Tanzania seizes eight flower farms abandoned by defaulters

Tuesday July 21 2020

Tanzania is seeking investors for flower farms in Arusha that have been idle for more than a decade. FILE PHOTO | NMG


The Tanzanian government is seeking new investors for eight premium horticultural farms in Arusha that it has repossessed.

According to Deputy Agriculture Minister Hussein Bashe, the farms, located on the southern slopes of Mount Meru, were once pioneer producers of barley, wheat, flowers and vegetables, but have been lying idle after being abandoned for over a decade now.

The farm owners are said to have fled the country after defaulting on government-insured loans amounting to Tsh43.8 billion ($19.04 million).

The owners, local and foreign investors in joint ventures, borrowed the funds through the Bank of Tanzania’s Credit Guarantee Scheme between 2005 and 2007, ostensibly to expand the estates, Mr Bashe said.

To protect the already rundown farms from further damage by trespassers, the deputy minister ordered security personnel from the army's national service economic wing to be dispatched.

“The repossession strategy is to see that all the farms are reallocated to more serious and creditworthy investors in the hope of a commercial resurgence,” he said during a tour of the eight estates last week.


The farms were owned by Kiliflora, now under BoT receivership, Kombe Roses, Shira Flowers, Allua Flowers, Zanziflora, Finlays, Flamingo and Arusha Blooms Ltd.

Horticulture is the fastest growing subsector in Tanzania's agricultural industry and an important source of foreign exchange revenues through exports.

Revenues from flower and vegetable exports are growing at 11 percent per year, compared to about 4 percent annual growth in the agro sector in general.

According to Tanzania Horticultural Association (Taha) chief executive Jacqueline Mkindi, horticulture in Tanzania is considered as an export-oriented business because of the inclusion of flowers alongside vegetables.

The industry currently has a $779 million export value per annum, compared with $800 million earned by Kenya’s flower exporters, and could potentially rise to $3 billion in the next five years, Ms Mkindi said.

Ten years ago, the value of horticultural exports from Tanzania was approximately $64 million per annum, less than a tenth of what it is currently.

The Covid-19 pandemic, which has since been declared over in Tanzania, put the country’s multimillion-dollar green industry under pressure after a lull of nearly 12 years.

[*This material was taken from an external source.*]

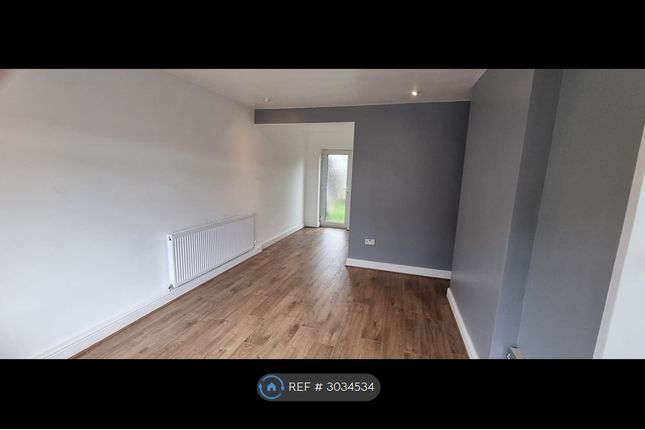 Farcroft Avenue, Radcliffe, Manchester photo 4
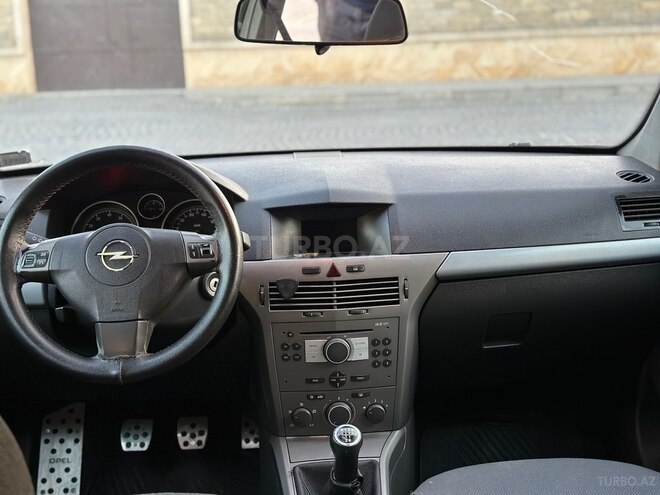 Opel Astra-3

According to a Taha report, about 80 percent of Tanzania's estimated four million horticulture workers could lose their jobs if the pandemic persists.

At the height of the pandemic in Tanzania in April, Taha tried to cushion the industry from adverse effects by commissioning Ethiopian Airlines to airlift perishable high-value horticultural crops to overseas markets twice a week.

The first Ethiopian Airlines cargo flight took off from the Kilimanjaro International Airport on April 9 with 28 tonnes of produce destined for Belgium for delivery to other EU consumer countries. “Through this arrangement, we are certain to export more than 55 tonnes of horticultural produce every week, earning the country about $200,000 in foreign exchange per week,” said Ms Mkindi at the time.